M. Harper a profité de la visite officielle du président de la Colombie, Alvaro Uribe, mercredi à Ottawa, pour exprimer de nouveau ses craintes de voir les membres du Congrès à Washington ainsi que les élus dans les divers États américains recourir à des politiques protectionnistes pour relancer leur économie.

Depuis quelques semaines, plusieurs entreprises canadiennes se sont plaintes de se voir refuser le droit de participer aux appels d'offres lancés par les États et les villes américaines qui tiennent à privilégier les entreprises américaines pour créer des emplois aux États-Unis. Et ils le font en invoquant la clause Buy American incluse dans le plan de relance de plusieurs milliards de dollars adopté par l'administration de Barack Obama.

Ce plan, l'American Recovery and Reinvestment Act of 2009, stipule notamment que les municipalités et les États américains doivent utiliser uniquement du fer, de l'acier et des produits manufacturiers américains pour que leurs projets d'infrastructures soient financés par Washington.

En conférence de presse, mercredi, le premier ministre a tenu à rappeler que ce sont justement des politiques protectionnistes qui ont transformé le krach boursier de 1929 en Grande Dépression. M. Harper a soutenu que les pays industrialisés comme le Canada ont un rôle à jouer pour convaincre non seulement les États-Unis, mais aussi le reste de la planète, que la libéralisation des échanges est la voie à suivre.
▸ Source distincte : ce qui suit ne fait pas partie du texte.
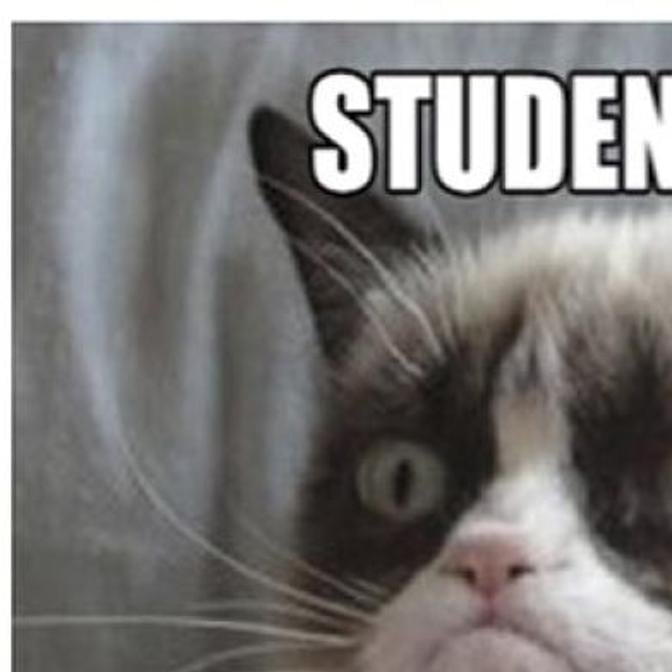 grumpy cat school meme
Et les trois partis de l'opposition à la Chambre des communes peuvent faire leur part en ratifiant dans les plus brefs délais le traité de libre-échange entre le Canada et la Colombie. «Le Canada est un pays de commerce. Notre prospérité découle de nos échanges commerciaux avec le reste du monde. Nous savons que c'est la vérité, mais certains aimeraient prendre une autre voie. Les forces du protectionnisme sont toujours présentes, mais elles sont encore plus fortes et dangereuses dans une période de récession mondiale», a affirmé M. Harper.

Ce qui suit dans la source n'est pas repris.